§ **EXERCISE DETAILS**
Repeat the records below exactly from the line containing "Adofo Jnr feat. Atadwe" to the line containing "SPURSTANGENKOPF DELPHI TA1500 76", taking in both of those lines. Drop the pictures.
EXTRACTED DATA Block Start
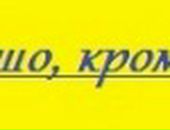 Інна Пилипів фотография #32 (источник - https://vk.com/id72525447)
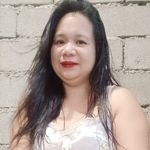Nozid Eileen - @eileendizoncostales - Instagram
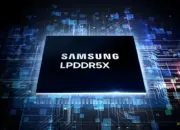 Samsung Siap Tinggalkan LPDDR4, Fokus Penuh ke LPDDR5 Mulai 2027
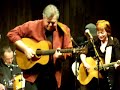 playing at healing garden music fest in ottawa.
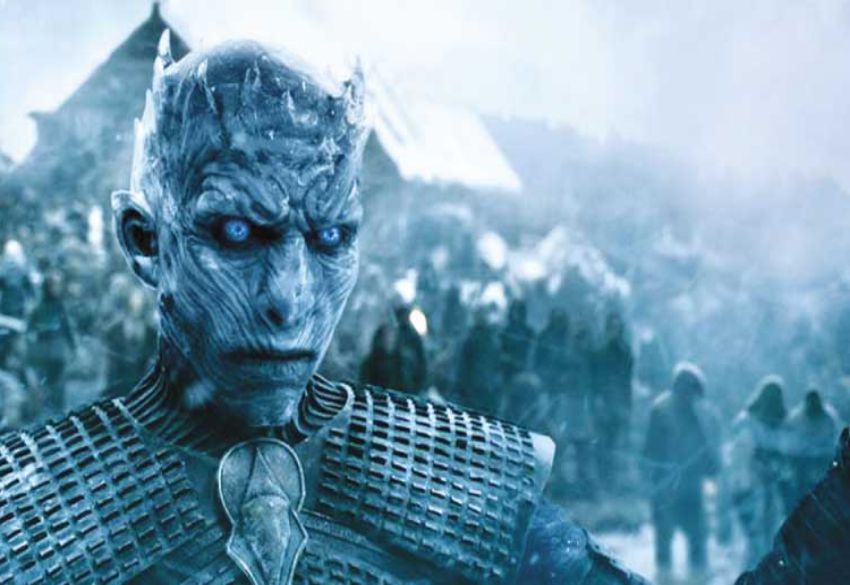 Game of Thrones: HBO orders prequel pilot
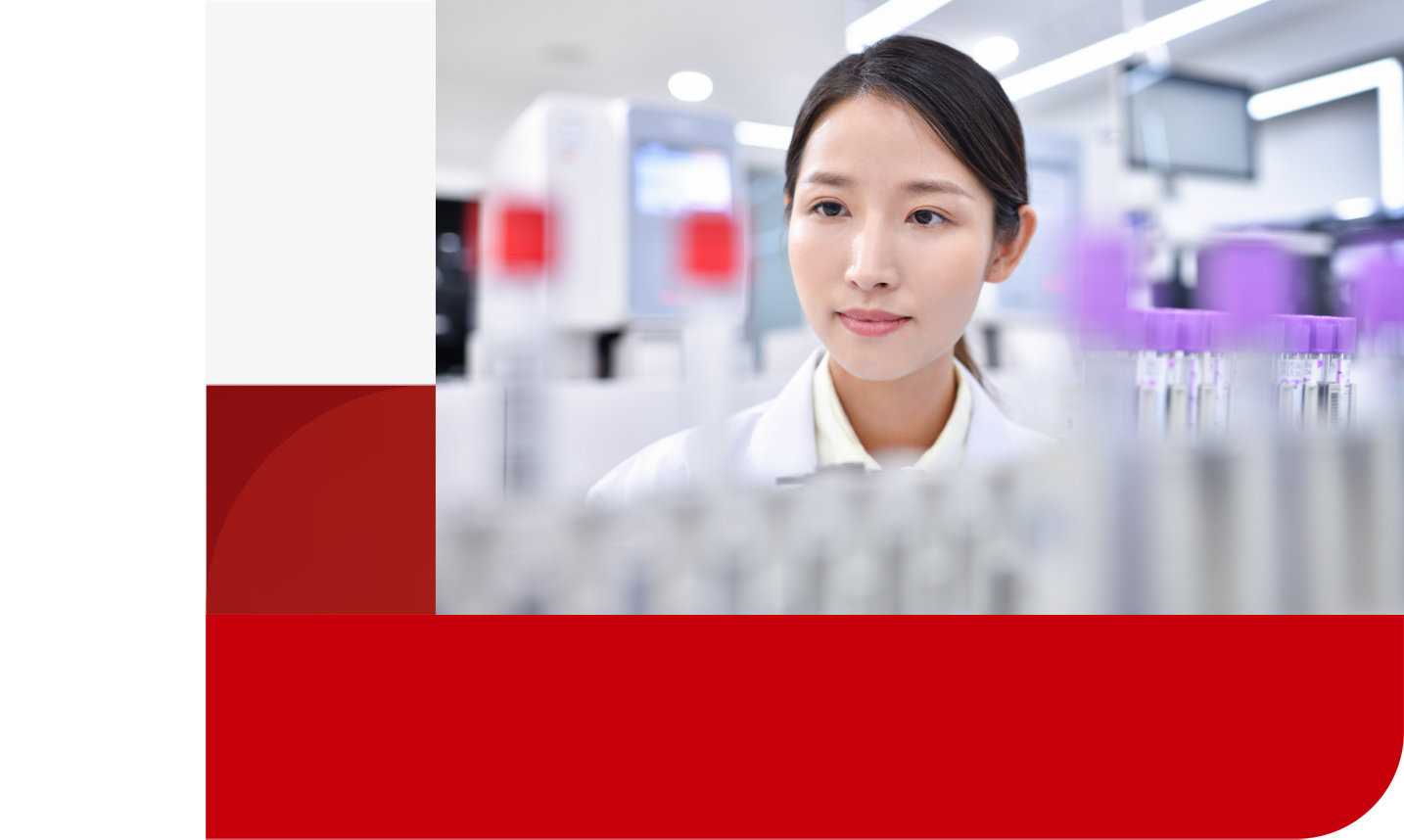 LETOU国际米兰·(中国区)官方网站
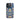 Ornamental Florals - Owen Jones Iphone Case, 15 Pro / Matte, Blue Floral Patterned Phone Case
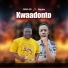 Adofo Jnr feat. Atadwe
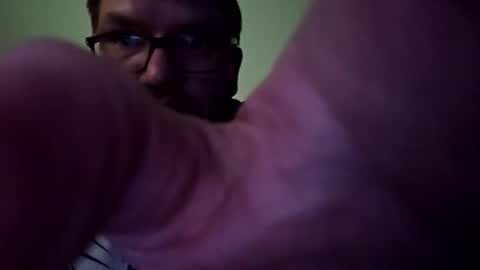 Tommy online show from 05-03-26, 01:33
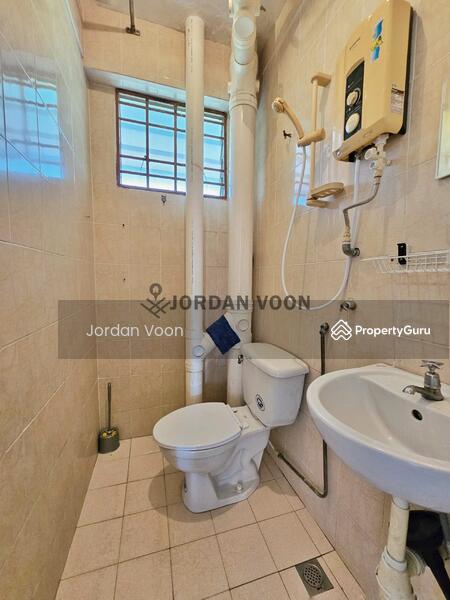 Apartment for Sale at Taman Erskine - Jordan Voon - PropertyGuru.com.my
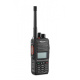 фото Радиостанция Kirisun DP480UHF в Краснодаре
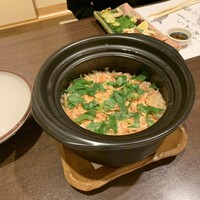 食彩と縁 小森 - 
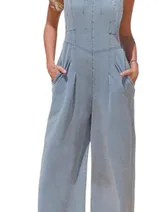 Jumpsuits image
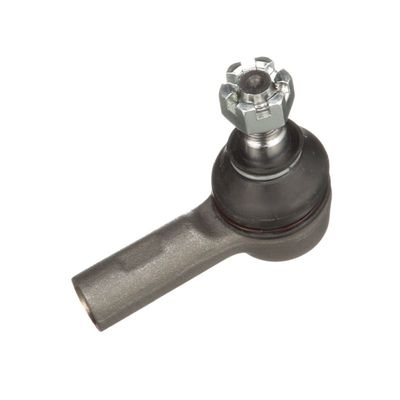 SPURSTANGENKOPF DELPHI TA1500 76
EXTRACTED DATA Block End
EXTRACTED DATA Block Start
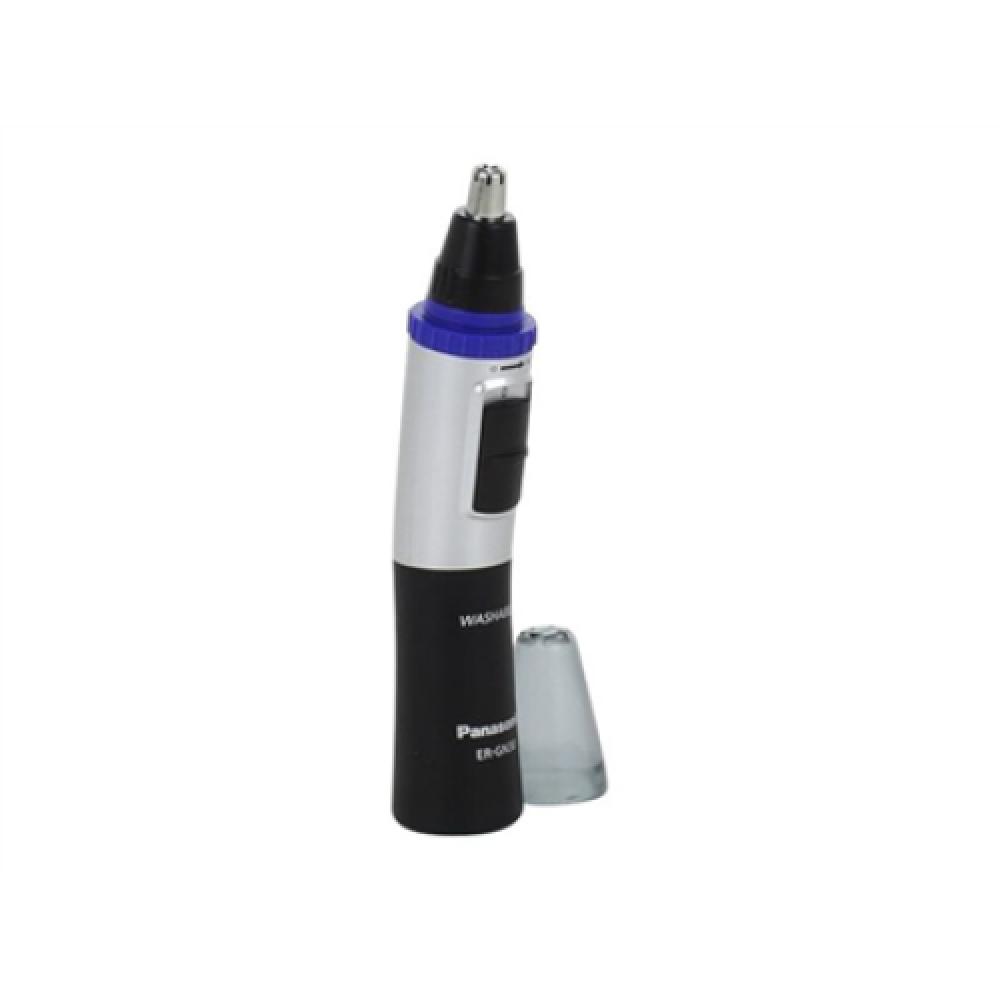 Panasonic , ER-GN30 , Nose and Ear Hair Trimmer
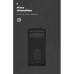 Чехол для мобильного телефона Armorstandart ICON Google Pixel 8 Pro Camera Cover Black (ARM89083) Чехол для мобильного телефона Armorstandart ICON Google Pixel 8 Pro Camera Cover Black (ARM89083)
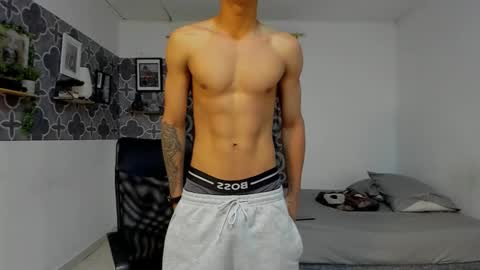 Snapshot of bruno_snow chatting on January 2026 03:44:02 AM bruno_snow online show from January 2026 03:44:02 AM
EXTRACTED DATA Block End
§ **YOUR SOLUTION**
 Adofo Jnr feat. Atadwe
 Tommy online show from 05-03-26, 01:33
 Apartment for Sale at Taman Erskine - Jordan Voon - PropertyGuru.com.my
 фото Радиостанция Kirisun DP480UHF в Краснодаре
 食彩と縁 小森 - 
 Jumpsuits image
 SPURSTANGENKOPF DELPHI TA1500 76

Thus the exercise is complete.